Below expectations. 9M19 CNP of RM287.9m came in below expectations, making up 64%/66% of our/consensus full-year estimates. The negative variance stems from: (i) third quarterly earnings disappointment from IJMPLNT arising from lower-than- expected FFB output, and (ii) higher-than-expected tax. No dividends declared, as expected.
Results highlight. 9M19 CNP fell19%, YoY following (i) decrease in revenue (-8%), (ii) higher interest expense (+29%), and (iii) lower contribution from associates (-10%). On segmental basis, all of its divisions registered decline in revenue ranging between 13-54%, except for its infrastructure and property division, which grew 6-15%. Its construction pre-tax profit declined by 34% on weaker construction revenue (-13%) as its newer projects have yet to reach optimal billing stage. Industry division saw 36% decline in pre-tax on weaker revenue (-20%) due to the weak market sentiment and stiff competition. QoQ, 3Q19 CNP was down47% despite its revenue growing by 15% hit by: (i) higher interest cost (+21%), (ii) loss contribution from its associates, and (iii) sharp increase in tax (+216%).

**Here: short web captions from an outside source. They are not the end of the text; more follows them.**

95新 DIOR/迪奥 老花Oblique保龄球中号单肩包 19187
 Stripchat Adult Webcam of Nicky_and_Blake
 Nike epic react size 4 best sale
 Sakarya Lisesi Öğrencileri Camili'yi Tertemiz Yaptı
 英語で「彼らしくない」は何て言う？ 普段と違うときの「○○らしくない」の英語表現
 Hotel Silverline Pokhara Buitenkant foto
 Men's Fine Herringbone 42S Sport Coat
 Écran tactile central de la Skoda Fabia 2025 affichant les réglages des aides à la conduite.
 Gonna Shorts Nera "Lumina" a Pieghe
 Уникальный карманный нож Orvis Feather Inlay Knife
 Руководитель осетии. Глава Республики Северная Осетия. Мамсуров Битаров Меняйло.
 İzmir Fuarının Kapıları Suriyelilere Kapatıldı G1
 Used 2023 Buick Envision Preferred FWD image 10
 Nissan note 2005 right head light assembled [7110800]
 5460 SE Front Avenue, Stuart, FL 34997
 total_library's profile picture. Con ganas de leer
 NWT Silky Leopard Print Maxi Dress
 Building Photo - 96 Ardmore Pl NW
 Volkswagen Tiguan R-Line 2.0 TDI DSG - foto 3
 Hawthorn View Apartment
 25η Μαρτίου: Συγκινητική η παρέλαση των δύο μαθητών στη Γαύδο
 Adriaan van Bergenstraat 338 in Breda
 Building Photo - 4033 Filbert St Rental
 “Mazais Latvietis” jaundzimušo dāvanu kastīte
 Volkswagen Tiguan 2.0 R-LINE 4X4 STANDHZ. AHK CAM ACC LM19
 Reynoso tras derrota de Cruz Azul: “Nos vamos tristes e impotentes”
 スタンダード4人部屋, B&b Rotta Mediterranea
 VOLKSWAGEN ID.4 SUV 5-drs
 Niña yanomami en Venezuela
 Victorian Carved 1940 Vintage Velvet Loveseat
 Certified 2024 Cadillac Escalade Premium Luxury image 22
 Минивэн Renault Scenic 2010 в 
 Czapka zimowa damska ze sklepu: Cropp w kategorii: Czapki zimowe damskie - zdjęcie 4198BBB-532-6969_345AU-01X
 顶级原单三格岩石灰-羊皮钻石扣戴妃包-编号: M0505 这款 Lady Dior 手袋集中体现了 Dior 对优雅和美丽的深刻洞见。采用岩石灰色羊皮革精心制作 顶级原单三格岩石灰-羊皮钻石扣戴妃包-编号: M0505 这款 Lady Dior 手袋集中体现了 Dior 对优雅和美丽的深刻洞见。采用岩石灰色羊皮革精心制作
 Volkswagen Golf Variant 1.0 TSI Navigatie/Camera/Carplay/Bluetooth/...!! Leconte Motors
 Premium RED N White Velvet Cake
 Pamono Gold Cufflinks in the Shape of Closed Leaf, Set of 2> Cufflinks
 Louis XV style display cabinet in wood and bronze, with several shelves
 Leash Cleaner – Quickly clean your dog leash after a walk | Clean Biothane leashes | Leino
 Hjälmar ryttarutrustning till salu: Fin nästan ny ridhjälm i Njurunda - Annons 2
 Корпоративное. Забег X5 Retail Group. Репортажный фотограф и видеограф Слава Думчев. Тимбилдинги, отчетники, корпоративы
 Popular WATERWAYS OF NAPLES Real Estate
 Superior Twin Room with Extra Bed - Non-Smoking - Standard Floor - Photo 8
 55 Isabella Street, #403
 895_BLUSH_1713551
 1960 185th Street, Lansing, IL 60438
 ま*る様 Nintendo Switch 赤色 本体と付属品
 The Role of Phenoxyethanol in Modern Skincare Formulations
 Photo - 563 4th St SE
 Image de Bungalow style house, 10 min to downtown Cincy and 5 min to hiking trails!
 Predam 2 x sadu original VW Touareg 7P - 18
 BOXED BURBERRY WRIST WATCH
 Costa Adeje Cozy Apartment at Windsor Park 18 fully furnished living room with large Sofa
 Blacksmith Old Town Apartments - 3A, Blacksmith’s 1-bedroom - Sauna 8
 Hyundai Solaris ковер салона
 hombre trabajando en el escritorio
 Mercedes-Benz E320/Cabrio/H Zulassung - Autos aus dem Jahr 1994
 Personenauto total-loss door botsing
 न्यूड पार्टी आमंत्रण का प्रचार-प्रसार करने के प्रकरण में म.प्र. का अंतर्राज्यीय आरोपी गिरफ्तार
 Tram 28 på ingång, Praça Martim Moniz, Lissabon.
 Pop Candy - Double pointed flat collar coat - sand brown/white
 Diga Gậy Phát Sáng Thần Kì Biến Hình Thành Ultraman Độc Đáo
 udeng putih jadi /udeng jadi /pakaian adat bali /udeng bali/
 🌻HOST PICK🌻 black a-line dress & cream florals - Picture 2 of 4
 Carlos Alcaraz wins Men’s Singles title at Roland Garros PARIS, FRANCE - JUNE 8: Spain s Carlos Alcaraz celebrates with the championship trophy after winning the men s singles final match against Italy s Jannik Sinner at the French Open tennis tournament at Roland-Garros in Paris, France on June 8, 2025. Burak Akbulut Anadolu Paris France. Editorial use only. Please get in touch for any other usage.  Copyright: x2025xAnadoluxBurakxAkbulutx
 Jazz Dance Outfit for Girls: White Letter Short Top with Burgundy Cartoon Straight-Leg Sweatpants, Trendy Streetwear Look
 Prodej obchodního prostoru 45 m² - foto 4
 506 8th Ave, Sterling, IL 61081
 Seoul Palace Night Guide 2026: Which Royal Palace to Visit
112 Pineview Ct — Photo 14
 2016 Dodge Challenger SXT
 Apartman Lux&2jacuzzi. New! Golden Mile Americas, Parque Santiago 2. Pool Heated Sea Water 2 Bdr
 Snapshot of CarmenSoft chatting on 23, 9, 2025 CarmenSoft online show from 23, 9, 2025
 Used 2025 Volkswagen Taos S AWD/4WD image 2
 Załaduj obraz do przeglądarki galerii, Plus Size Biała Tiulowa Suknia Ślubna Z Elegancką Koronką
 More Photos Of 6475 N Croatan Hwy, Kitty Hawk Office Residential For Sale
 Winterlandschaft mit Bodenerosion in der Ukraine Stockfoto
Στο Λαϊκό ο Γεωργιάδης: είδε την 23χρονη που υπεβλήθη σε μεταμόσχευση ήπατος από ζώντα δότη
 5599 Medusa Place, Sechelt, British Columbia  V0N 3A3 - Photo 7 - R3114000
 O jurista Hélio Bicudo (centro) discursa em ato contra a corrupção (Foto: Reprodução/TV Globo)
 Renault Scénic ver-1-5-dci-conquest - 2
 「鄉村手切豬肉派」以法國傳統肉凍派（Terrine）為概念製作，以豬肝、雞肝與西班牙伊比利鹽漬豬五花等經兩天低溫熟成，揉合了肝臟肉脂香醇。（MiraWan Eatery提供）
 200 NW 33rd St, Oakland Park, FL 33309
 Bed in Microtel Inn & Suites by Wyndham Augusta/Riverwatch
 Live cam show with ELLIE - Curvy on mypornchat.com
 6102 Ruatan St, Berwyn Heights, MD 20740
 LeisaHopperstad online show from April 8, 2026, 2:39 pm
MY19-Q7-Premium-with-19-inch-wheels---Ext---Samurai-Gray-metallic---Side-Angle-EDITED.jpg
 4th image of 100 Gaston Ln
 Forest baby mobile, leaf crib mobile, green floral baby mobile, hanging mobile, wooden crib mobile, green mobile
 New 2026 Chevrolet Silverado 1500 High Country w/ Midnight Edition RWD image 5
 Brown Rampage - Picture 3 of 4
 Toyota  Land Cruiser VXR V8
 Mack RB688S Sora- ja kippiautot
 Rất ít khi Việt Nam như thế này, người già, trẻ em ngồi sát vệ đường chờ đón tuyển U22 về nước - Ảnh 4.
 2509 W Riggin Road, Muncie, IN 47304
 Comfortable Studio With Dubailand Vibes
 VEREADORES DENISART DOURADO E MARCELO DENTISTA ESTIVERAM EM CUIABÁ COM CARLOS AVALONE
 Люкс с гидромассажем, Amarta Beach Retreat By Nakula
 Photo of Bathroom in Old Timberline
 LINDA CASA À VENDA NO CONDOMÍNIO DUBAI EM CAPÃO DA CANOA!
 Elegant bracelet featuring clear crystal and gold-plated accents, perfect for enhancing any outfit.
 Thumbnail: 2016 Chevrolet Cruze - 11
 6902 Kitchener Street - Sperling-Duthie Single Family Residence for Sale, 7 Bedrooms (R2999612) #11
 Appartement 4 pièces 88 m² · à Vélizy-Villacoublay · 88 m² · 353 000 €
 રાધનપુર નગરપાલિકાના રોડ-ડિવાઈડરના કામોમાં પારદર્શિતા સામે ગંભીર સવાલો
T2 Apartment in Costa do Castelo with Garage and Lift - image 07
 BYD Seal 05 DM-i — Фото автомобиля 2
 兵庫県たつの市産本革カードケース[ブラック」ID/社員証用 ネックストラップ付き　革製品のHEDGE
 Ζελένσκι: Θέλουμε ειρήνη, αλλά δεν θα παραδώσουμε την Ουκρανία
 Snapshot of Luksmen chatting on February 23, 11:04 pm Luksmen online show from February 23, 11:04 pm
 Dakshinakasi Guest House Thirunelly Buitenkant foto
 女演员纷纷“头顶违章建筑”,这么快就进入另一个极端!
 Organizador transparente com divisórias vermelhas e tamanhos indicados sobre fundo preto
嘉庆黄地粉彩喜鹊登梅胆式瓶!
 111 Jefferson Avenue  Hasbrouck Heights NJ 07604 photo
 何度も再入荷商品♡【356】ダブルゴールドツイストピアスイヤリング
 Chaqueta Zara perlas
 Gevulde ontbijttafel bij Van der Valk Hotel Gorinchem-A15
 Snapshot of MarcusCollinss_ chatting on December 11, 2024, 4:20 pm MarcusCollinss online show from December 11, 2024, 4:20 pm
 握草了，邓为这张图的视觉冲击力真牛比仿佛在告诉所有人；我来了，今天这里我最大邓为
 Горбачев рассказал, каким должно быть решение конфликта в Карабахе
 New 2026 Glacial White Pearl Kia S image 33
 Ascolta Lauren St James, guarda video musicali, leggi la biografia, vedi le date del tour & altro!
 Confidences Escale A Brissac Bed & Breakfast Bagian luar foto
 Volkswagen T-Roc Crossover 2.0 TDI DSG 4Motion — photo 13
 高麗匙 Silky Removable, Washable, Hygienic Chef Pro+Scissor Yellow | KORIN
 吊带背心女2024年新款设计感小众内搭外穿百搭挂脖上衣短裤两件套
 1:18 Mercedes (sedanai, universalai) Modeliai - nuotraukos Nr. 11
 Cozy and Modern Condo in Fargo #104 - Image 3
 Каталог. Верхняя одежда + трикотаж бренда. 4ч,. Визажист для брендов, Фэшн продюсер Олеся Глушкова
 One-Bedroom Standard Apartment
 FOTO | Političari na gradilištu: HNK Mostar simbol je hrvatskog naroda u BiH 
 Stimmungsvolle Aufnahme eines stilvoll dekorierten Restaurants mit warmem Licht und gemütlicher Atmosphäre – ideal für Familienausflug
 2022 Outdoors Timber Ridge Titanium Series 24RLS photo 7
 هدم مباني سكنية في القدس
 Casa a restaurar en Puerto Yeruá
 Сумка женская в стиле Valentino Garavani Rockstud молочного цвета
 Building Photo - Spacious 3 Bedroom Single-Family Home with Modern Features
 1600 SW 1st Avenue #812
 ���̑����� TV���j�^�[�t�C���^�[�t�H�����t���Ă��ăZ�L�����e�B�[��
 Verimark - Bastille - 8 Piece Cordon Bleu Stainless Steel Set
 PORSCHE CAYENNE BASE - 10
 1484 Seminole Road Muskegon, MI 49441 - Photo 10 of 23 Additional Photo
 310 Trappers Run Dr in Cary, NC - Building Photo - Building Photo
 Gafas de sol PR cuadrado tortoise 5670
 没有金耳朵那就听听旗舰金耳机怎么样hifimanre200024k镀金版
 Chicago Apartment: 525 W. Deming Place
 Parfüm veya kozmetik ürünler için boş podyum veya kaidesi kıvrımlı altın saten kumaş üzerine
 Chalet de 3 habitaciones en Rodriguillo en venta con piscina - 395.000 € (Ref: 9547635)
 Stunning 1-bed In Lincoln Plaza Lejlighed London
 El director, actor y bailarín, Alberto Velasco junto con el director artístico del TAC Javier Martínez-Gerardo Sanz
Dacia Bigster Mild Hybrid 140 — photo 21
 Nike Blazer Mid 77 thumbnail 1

Outlook. IJM’s outstanding order-book currently stands at c.RM8.4b, while its property unbilled sales are c.RM2.2b with visibility for the next 3-4 years, and management are on-track to meet our/their target sales of RM1.6b as they have registered RM1.2b sales in 9M19. As for its plantation division, we continue to expect high production costs to eat into profit margins in the near-term due to full overhead charges on very young estates in Indonesia. As for its industry division, management cited that it would remain challenging due to the subdued local demand and they are looking to diversify to overseas market.
Earnings downgrade. Post results, we cut our FY19-20E CNP by 19- 6%, respectively, after factoring in a lower contribution from its plantation division.
Downgrade to UP (from MP) with a lower SoP-driven TP of RM1.80, as we adjust our fair value for IJMPLNT and due to the recent share price rebound coupled with the uninspiring outlook on the sectors that IJM are involved in i.e. construction, property, industry, and plantation which have been hit by various reasons. Our TP implies FY19E PER of 17.8x which is above KLCON’s 5-year average of 13.4x.
Key upside risks for our call are: (i) higher-than-expected margins, and (ii) higher than expected progress in construction works.